Ils se rencontrent en Espagne, se plaisent, font l’amour en voiture, s’installent ensemble à Paris, font un enfant, se séparent. Rien de plus banal que l’histoire d’amour de la première partie de Plonger, mais le tout est mené avec une grande délicatesse. Ce qui séduit en effet très tôt, dans le couple formé par le Français César (Gilles Lellouche) et l’Espagnole Paz (María Valverde), c’est l’impression de plénitude dont il donne l’apparence. On a longtemps le sentiment que le film pourrait se contenter d’observer sans ennuyer leur amour presque sans faille, fusionnel et complice. Elle et lui se sont en quelque sorte « bien trouvés ».

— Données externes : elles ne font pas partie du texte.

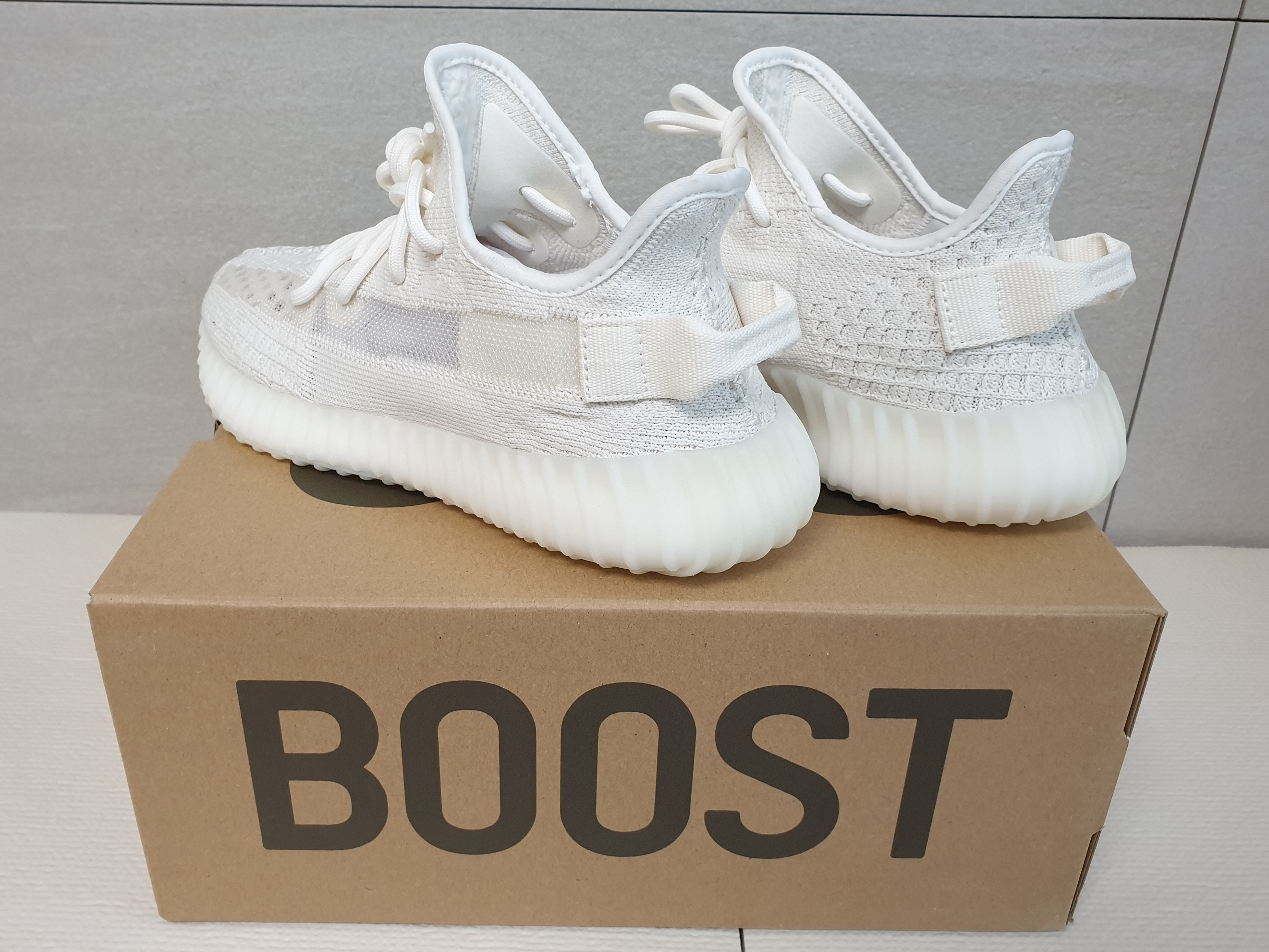 Adidas Yeezy Boost 350 V2 Bone 착용 스타일 - 2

plongerMais il y a un problème : l’annonce de la grossesse de Paz, qui aurait pu pourtant consolider encore un peu plus cet amour. La maternité ne saurait combler la jeune femme, et un sentiment de manque, encore très diffus au début du film, se dessine plus nettement. Car Paz rêve d’ailleurs. Elle, la photographe, a besoin d’échapper à la sphère domestique. Ainsi, en rentrant un soir à l’appartement, César ne sait comment accueillir cette nouvelle plutôt surprenante : sa compagne a adopté un requin à Oman. Plonger est une variation plutôt inattendue sur la crise du couple : ni l’adultère, ni le désamour ne sont en cause. Mais c’est l’appel des lointains, la quête du dépaysement qui vient s’immiscer et tout détraquer. 

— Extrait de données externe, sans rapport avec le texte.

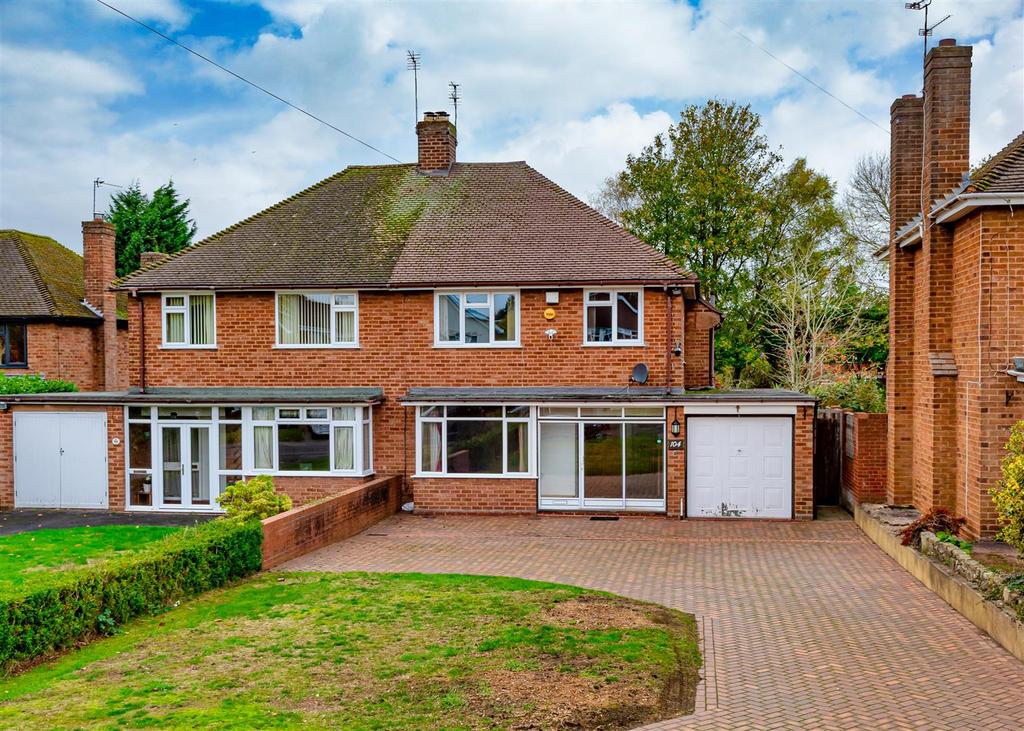 104 Woodthorne Road South, Tettenhall, Wolverhampton 3 bed semi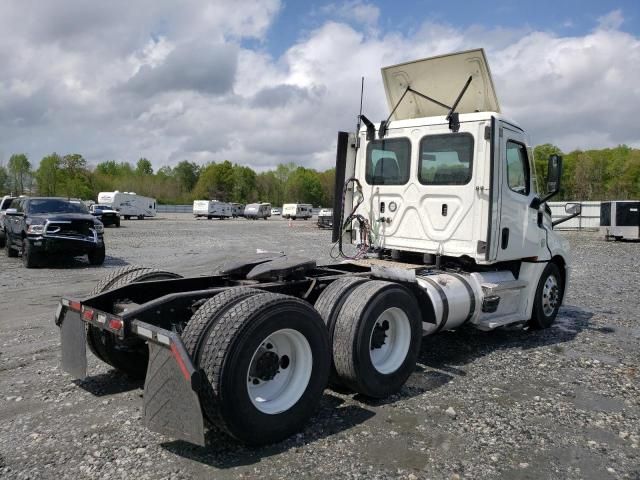 2022 Freightliner Cascadia 126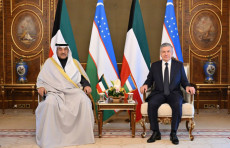 Shavkat Mirziyoyev Kuvayt Valiahdi Shayx Saboh as-Saboh bilan uchrashuv o‘tkazdi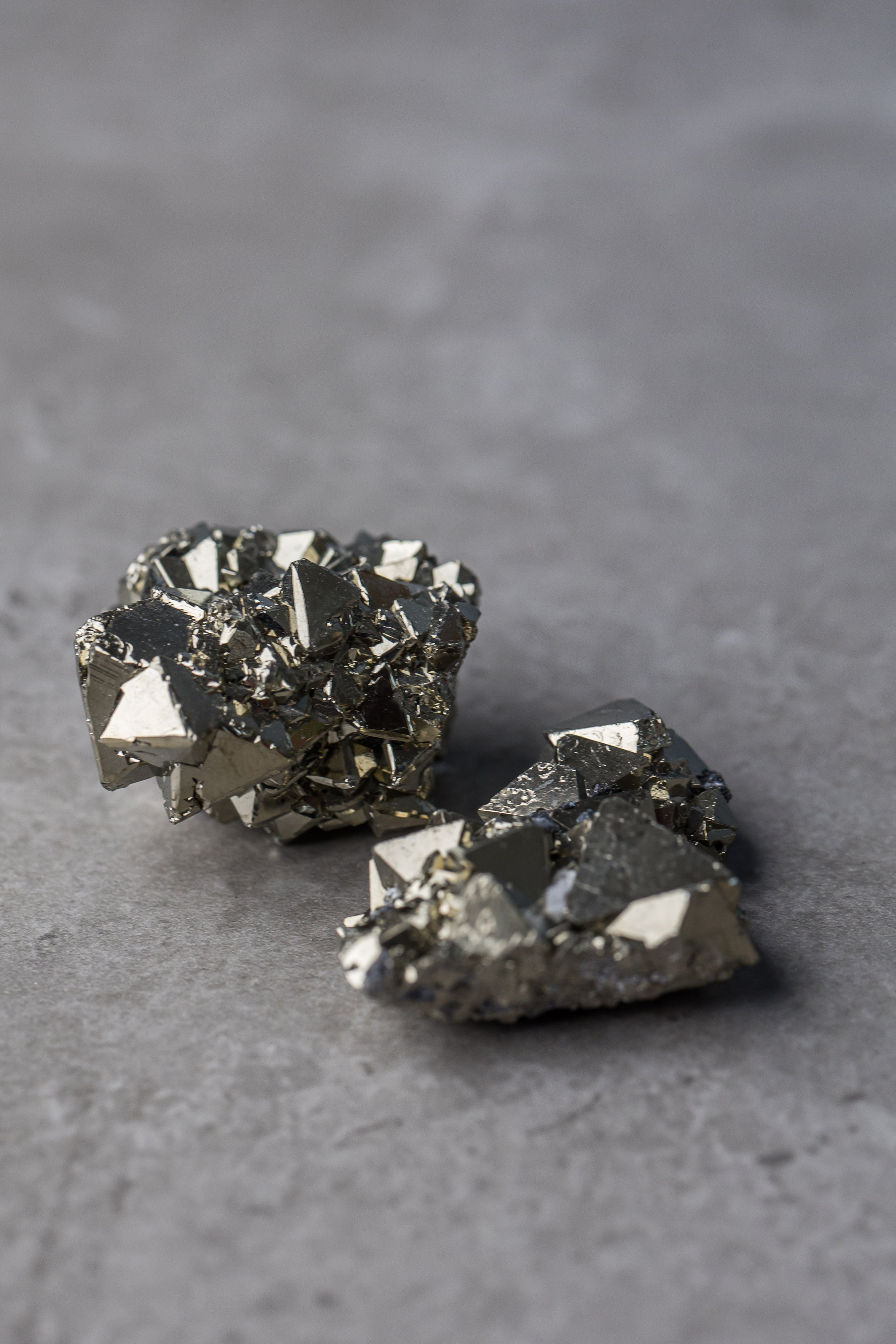 Small Raw Pyrite Cluster - Energising Crystal for Abundance, Confidence & Solar Plexus Chakra Balance - Everyday Rocks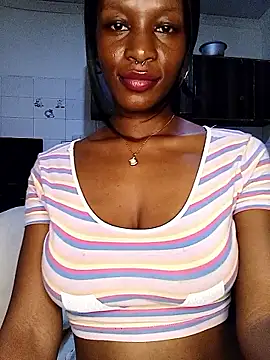 Snapshot of Ayrella02 chatting on 01-12-26, 01:00 Ayrella02 online show from 01-12-26, 01:00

Mélanie Laurent a l’intelligence de ne pas asséner de démonstration. Elle préfère déployer la crise par de subtiles gradations, et faire confiance au spectateur pour saisir chacune des étapes de cette chronique. Ainsi, après la naissance de l’enfant, constate-t-on que les corps de Paz et César se font progressivement plus distants. María Valverde sait rendre sa frustration croissante, son isolement au sein du couple avec une intensité magnétique. Gilles Lellouche, lui, joue une partition toute d’inquiétude et de circonspection, à mesure qu’il sent Paz s’éloigner de lui. C’est une des grandes forces de Plonger, ces deux acteurs au jeu incarné, et c’est toute la générosité de Mélanie Laurent, qui leur confie son film. 

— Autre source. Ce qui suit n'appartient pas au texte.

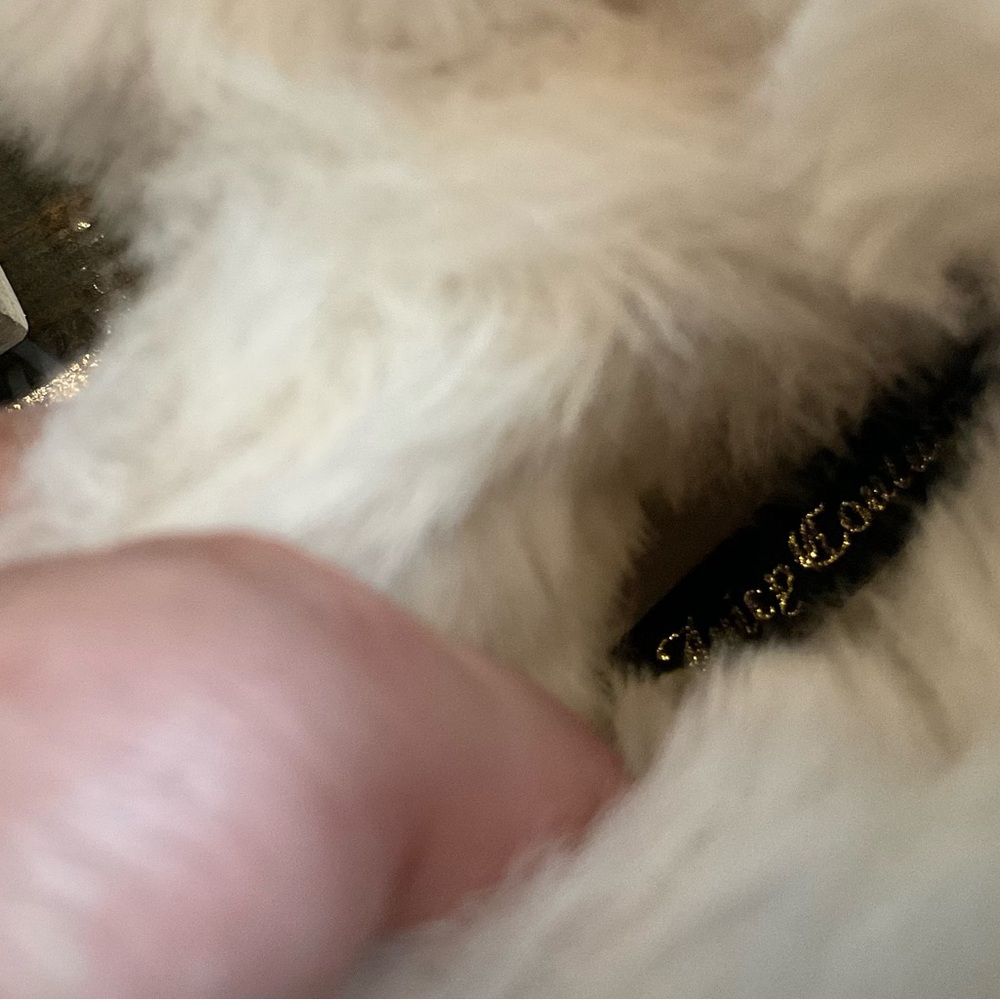 Juicy Couture NWOT Sparkling Pink Boots with White Fur - Picture 7 of 7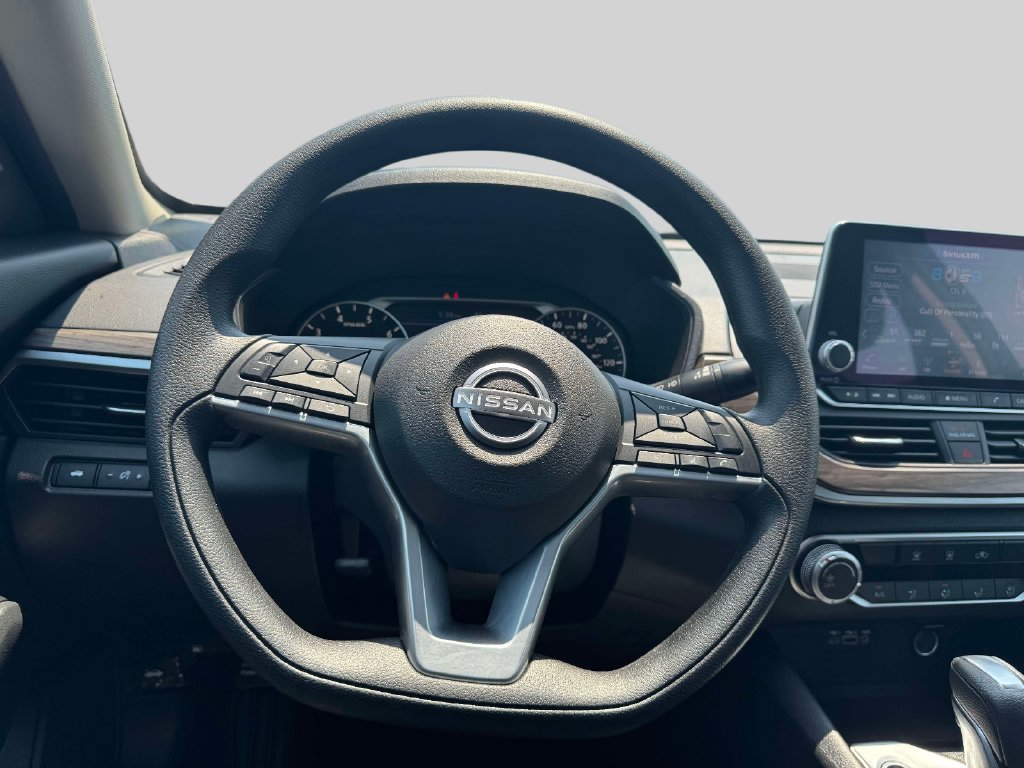 Used 2025 Nissan Altima 2.5 SV FWD image 13
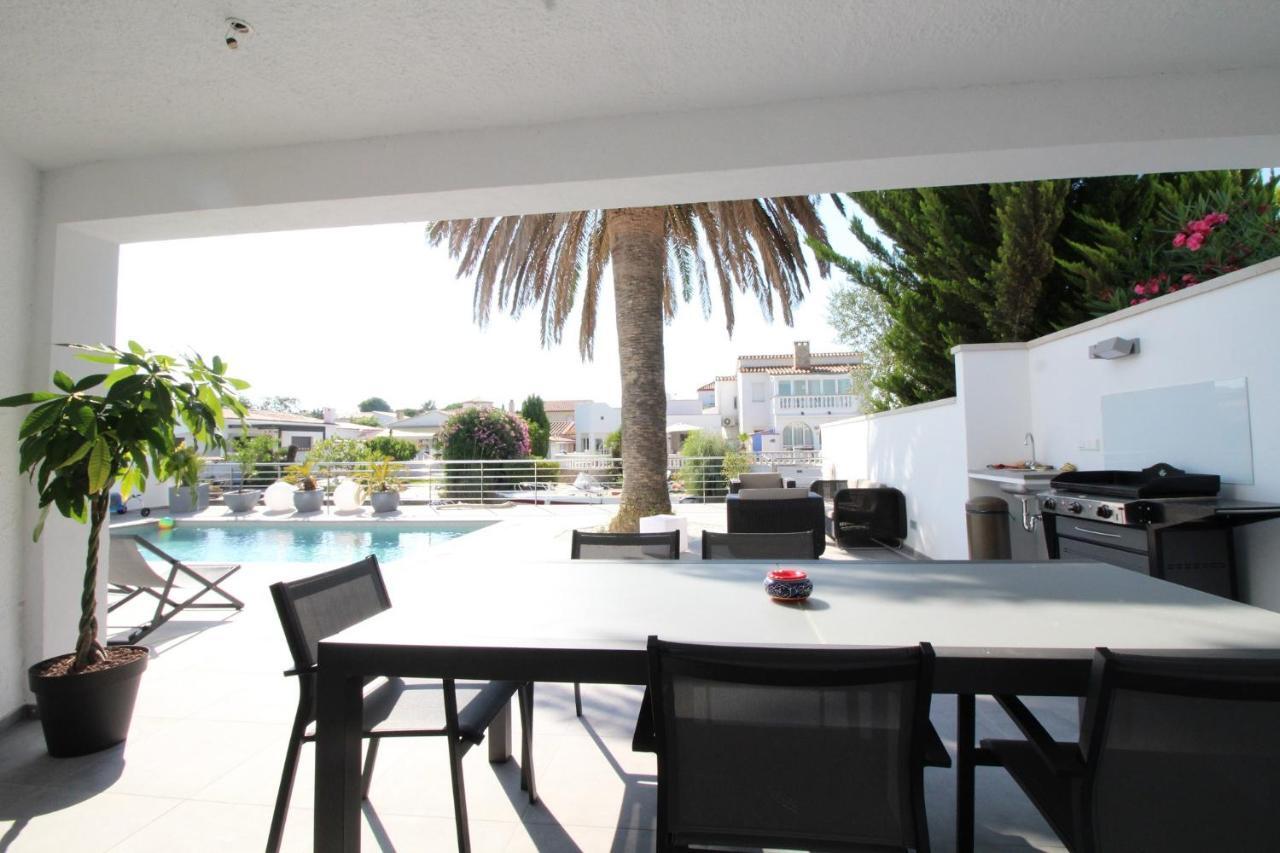 Casa De Lujo Con Piscina Y Amarre Privados Ref 350 * Ampuriabrava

Paz disparaît et Plonger bifurque vers l’aventure et vers la pure expérience esthétique. L’action se déplace de la France et de l’appartement parisien du couple aux hôtels et vastes paysages d’Oman. Et en partant sur les traces de Paz, César, à défaut de raviver la flamme éteinte, finit par la comprendre enfin. Il sera bien question d’eau, de mer et de mère, dans Plonger. En quittant sa vie familiale, Paz a surtout voulu se rapprocher de ce qu’elle considérait – peut-être – comme son enfant le plus légitime : son requin. Il n’est alors pas anodin de voir César s’initier à son tour à la plongée, dans des scènes d’immersion captivantes et amniotiques. 

Mélanie Laurent avec ce film confirme avec audace les qualités d’écriture et de mise en scène que laissaient entrevoir ses premières fictions.